George Washington Papers

To George Washington from Jeremiah Olney, 7 October 1793

From Jeremiah Olney

Custom-House, District of Providence
7th October 1793.


Permit me respectfully to address you on the subject of appointing a Person to succeed the late William Channing Esquire, deceased, in the Office of District Attorney for the State of Rhode-Island. I have been informed that some Merchants and other respectable Characters have recommended to you David Howell Esquire, to succeed to that Office; and from a full conviction in my Mind that the leading Merchants in this Town have long had, and still have, an undue influence over him, I am induced, Sir, to step forward and discharge (with great deference, and in confidence) what I conceive to be my Duty, by giving this information for your consideration.

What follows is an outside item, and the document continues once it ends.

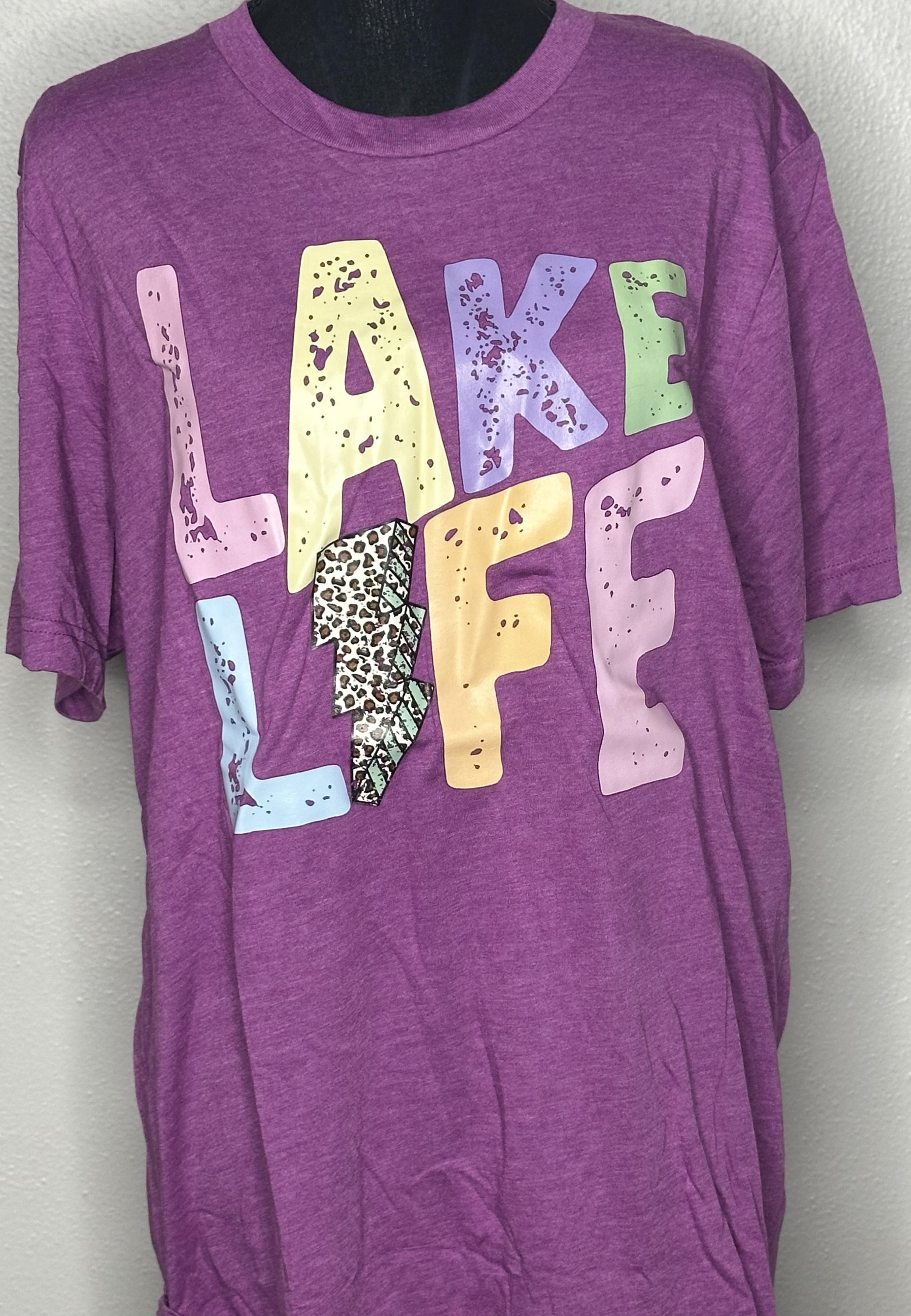 'Lake Life' T-Shirt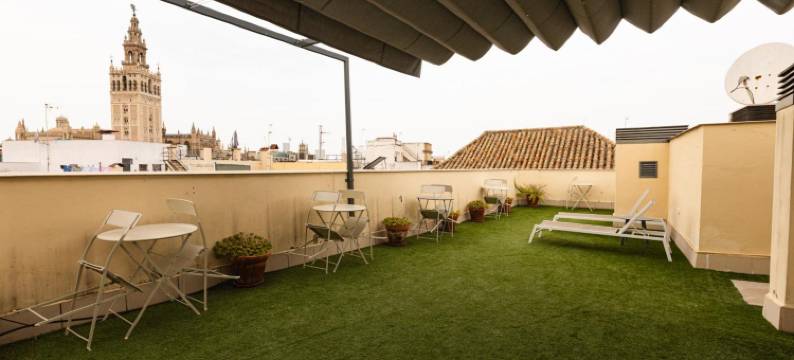 Q＆Q大教堂套房酒店(Guzman El Bueno Suites)图片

It appears to me of the first importance that the District Attorney should be a Gentleman of Independent Principles, and that he should cooperate, on all occasions, with the Officers of the Customs, so far as the exercise of their Duty shall be perfectly consistent with the Law, and their Instructions from the principal Officer of the Treasury Department. I should have remained silent on the subject (because I feel a delicacy in an interference) had not the Gentlemen recommended a Man who, I am perswaded, should he be appointed, will for the reason offered, rather embarrass than support me in a just and impartial execution of my Duty; in the exercise of which I have heretofore experienced very great opposition from an unfriendly Disposition manifested by some influential mercantile Characters, who have taken unwearied pains to swerve me from my Duty, and thereby establish practices in this District, which were inadmissible by Law, and which, had they obtained, would have very much endangered the collection of the Revenue; of which the Secretary of the Treasury has a perfect knowledge, and will, if necessary, acquaint you with.1

I now beg leave, Sir, most respectfully, to mention David Leonard Barnes Esquire of this Town, Attorney at Law, as a Gentleman well qualified to fill the Office of District Attorney: he ⟨is⟩ justly esteemed for his independent Principles, probity and tallents in the Law, and will do honor to the appointment, should he fortunately obtain it; and who, I am perswaded, will on all occasions, co-operate with the Officers of the Customs in a faithful and impartial executi⟨on⟩ of the revenue Laws, so essential to the support of the National Government. I have the honor to be, Very respectfully, Sir, Your Most Obedt and Most Hume Servant

Jereh Olney Collr


1For discussion of Olney’s differences with the merchants of Providence, see Arthur Fenner to GW, this date, and notes 1 and 2 to that document.